Image-text web data:
━━━━━━━━━━━━━━━━━━━━━━━━━━━━━━

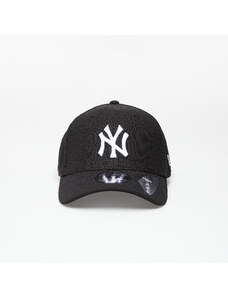 Czapka New Era Cap 39Thirty Mlb Diamond Era New York Yankees Black/ White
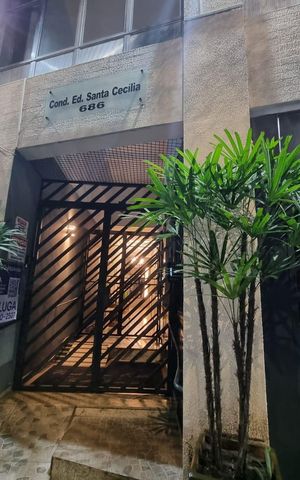 Apartamento à venda com 76m², 2 quartos e 1 vaga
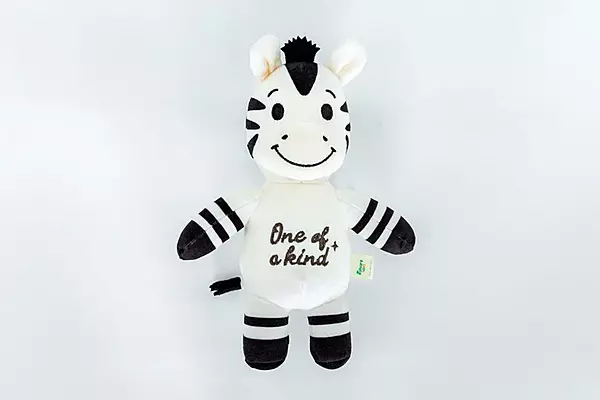 The Shine Squad - Plushie Toys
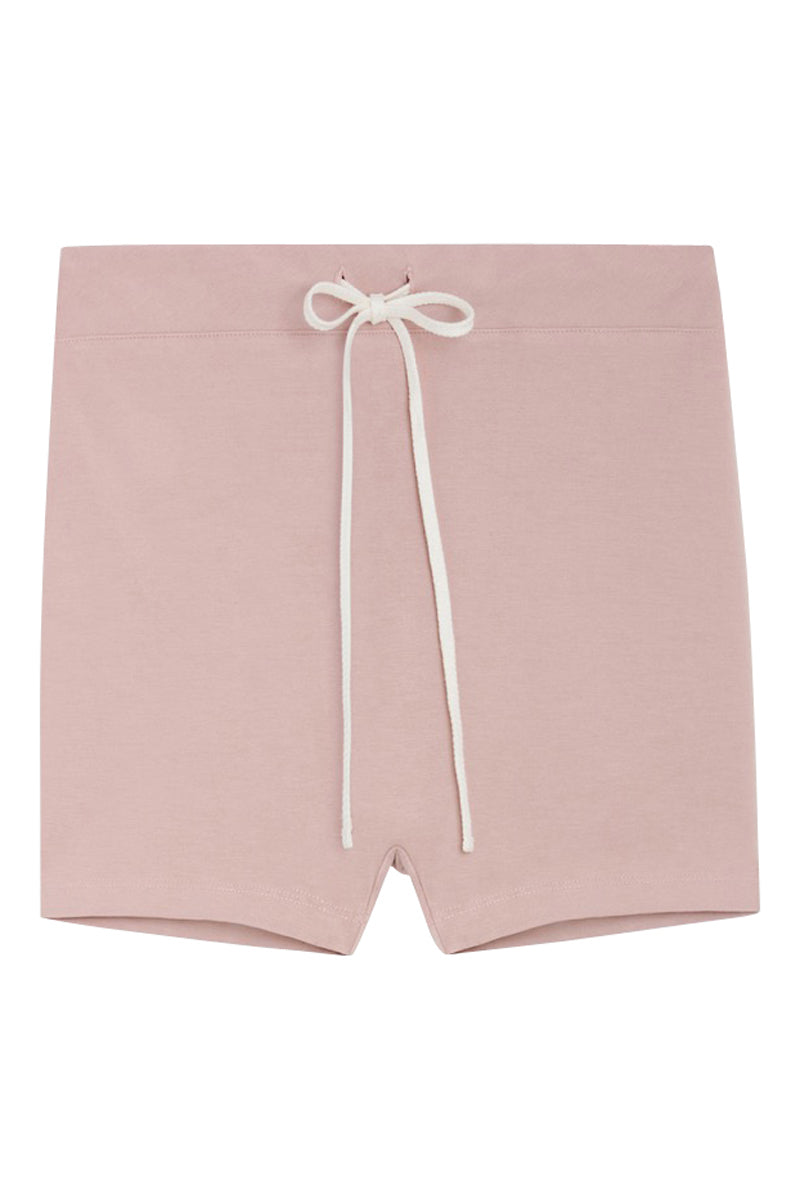 Short Teeny Rose - Femme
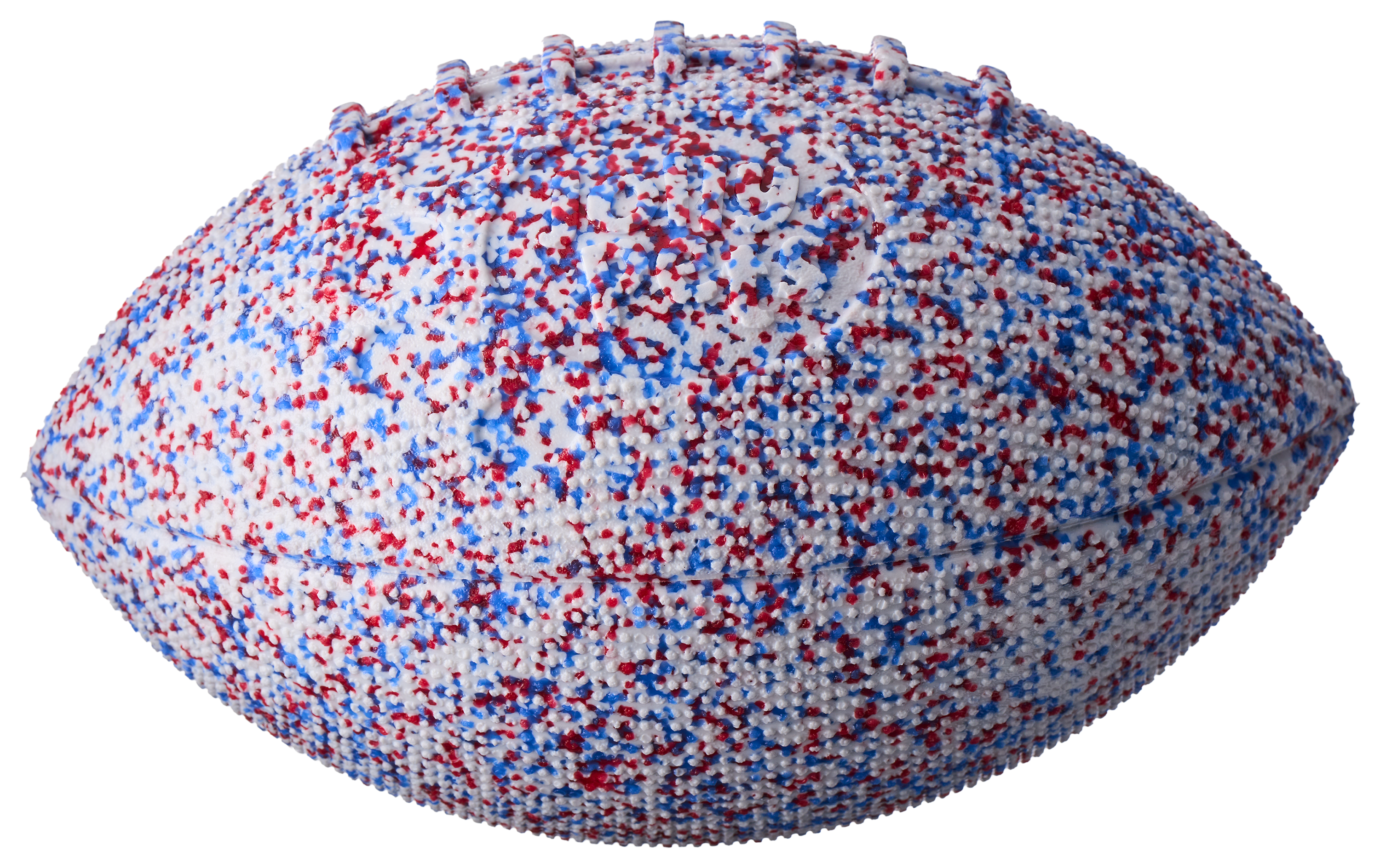 Image of Jolly Pets Jolly Football Dog Toy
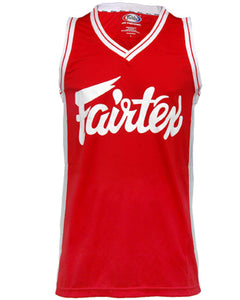 Fairtex MMA Jersey - JS2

━━━━━━━━━━━━━━━━━━━━━━━━━━━━━━

Exercise prompt: Please transcribe exactly the lines from the one that contains "The Shine Squad - Plushie Toys" through the closing line of the entries, with no pictures.

Response:
 The Shine Squad - Plushie Toys
 Short Teeny Rose - Femme
 Image of Jolly Pets Jolly Football Dog Toy
 Fairtex MMA Jersey - JS2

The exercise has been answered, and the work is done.